The code looks good, right? Using statements for everything IDisposable, well-established ADO.NET technology with a long history dating back to August 1996. I thought that nothing here could go wrong at all, but I was wrong. The code above contains a memory leak. It is not visible and it doesn’t throw an OutOfMemoryException.

The caught exception was different. It was a Win32Exception with the statement:

A connection was successfully established with the server, but then an error occurred during the pre-login handshake.

Moreover, the rising exceptions weren’t consistent. Sometimes the error message looked like this:

The client was unable to establish a connection because of an error during the connection initialization process before login.
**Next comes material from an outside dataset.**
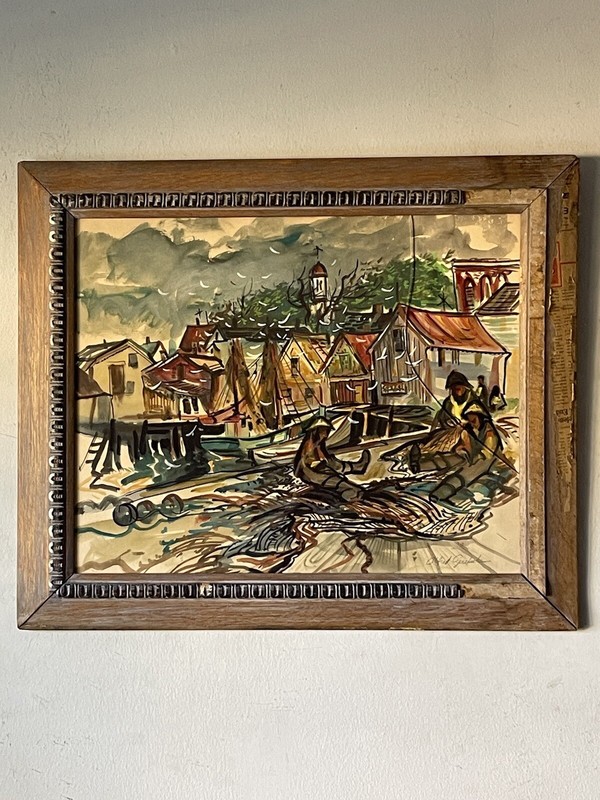 ALFRED CZEREPAK ANTIQUE MASSACHUSETTS BOAT DOCK LANDSCAPE PAINTING OLD MODERN 50 gallery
Possible causes include the following: the client tried to connect to an unsupported version of SQL Server; the server was too busy to accept new connections; or there was a resource limitation (insufficient memory or maximum allowed connections) on the server.

This message was very helpful because an unsupported version of SQL Server is very unlikely with SQL Database in Azure, and Query Performance Insights shows performance problems more accurately than exceptions in Application Insights. Additionally, the Service Fabric cluster reported something different:

SourceId='System.FabricNode', Property='SecurityApi_CertGetCertificateChain', HealthState='Warning', ConsiderWarningAsError=false, …
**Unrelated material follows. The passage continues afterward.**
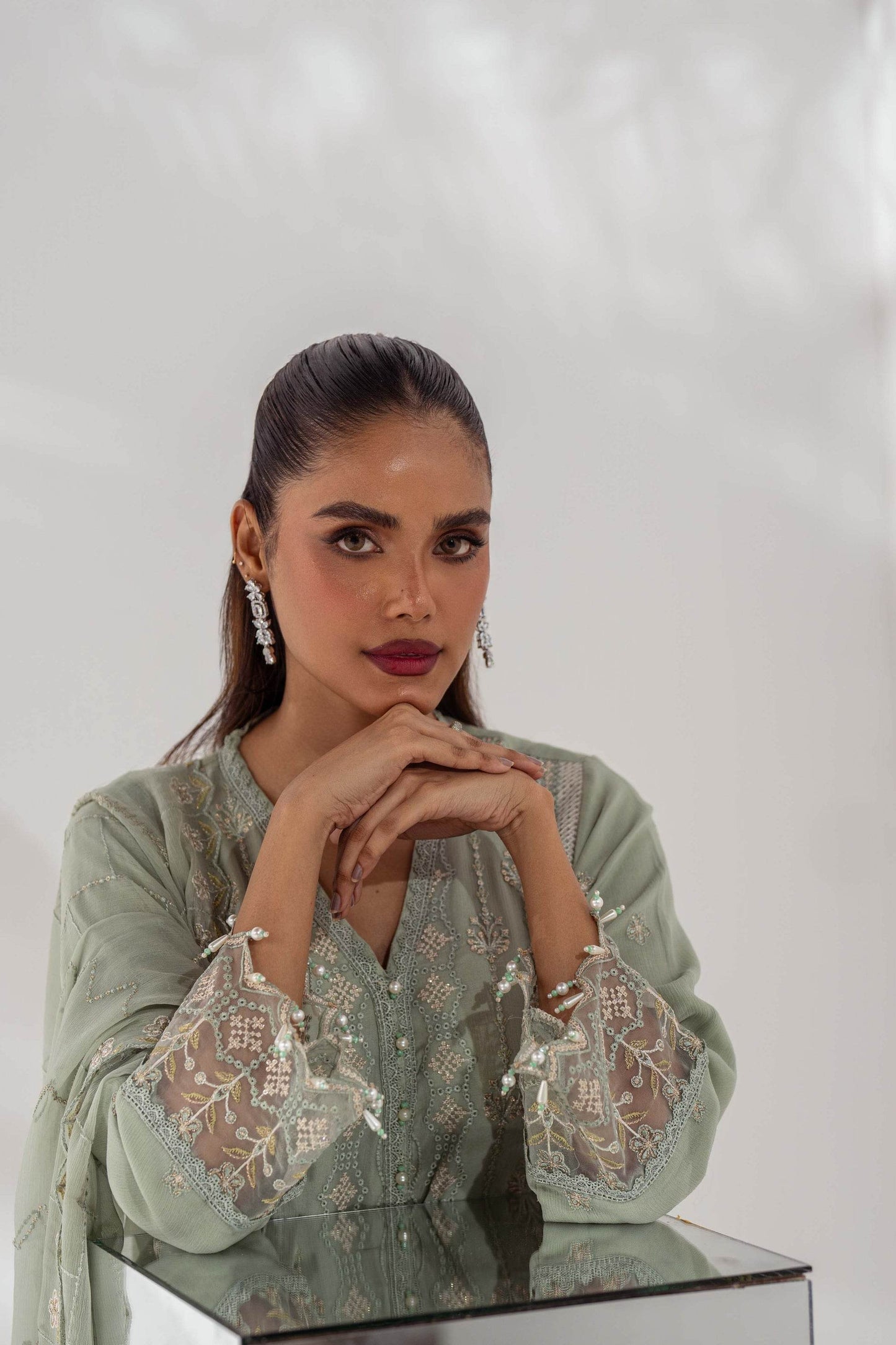 Mehru By Guzel Embroidered Stitched Chiffon 3pcs - Jotey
I compared the actual code with the latest stable version and found the problem. It is the SqlDataReader.ReadAsync method that contains a memory leak. The underlying bug in this method was already reported prior to my investigation, so my job was much easier. It is fixed in .NET 4.7, which became generally available in May 2017. I cannot say whether this bug also causes my memory leak at this point in time. I just returned to a synchronous call. It is much easier than forcing the underlying Virtual Machine Scale Set with Windows Server 2016 to install the latest .NET Framework (and again after every possible cluster recreation).

The Service Fabric service can be updated in a Monitored mode. It can roll back when the new version fails due to bugs exhibited during big data processing only – typically memory leaks. An unhealthy service does not necessarily mean that the service is raising any exceptions. It also means it is not processing as much data as expected – typically because of memory swapping.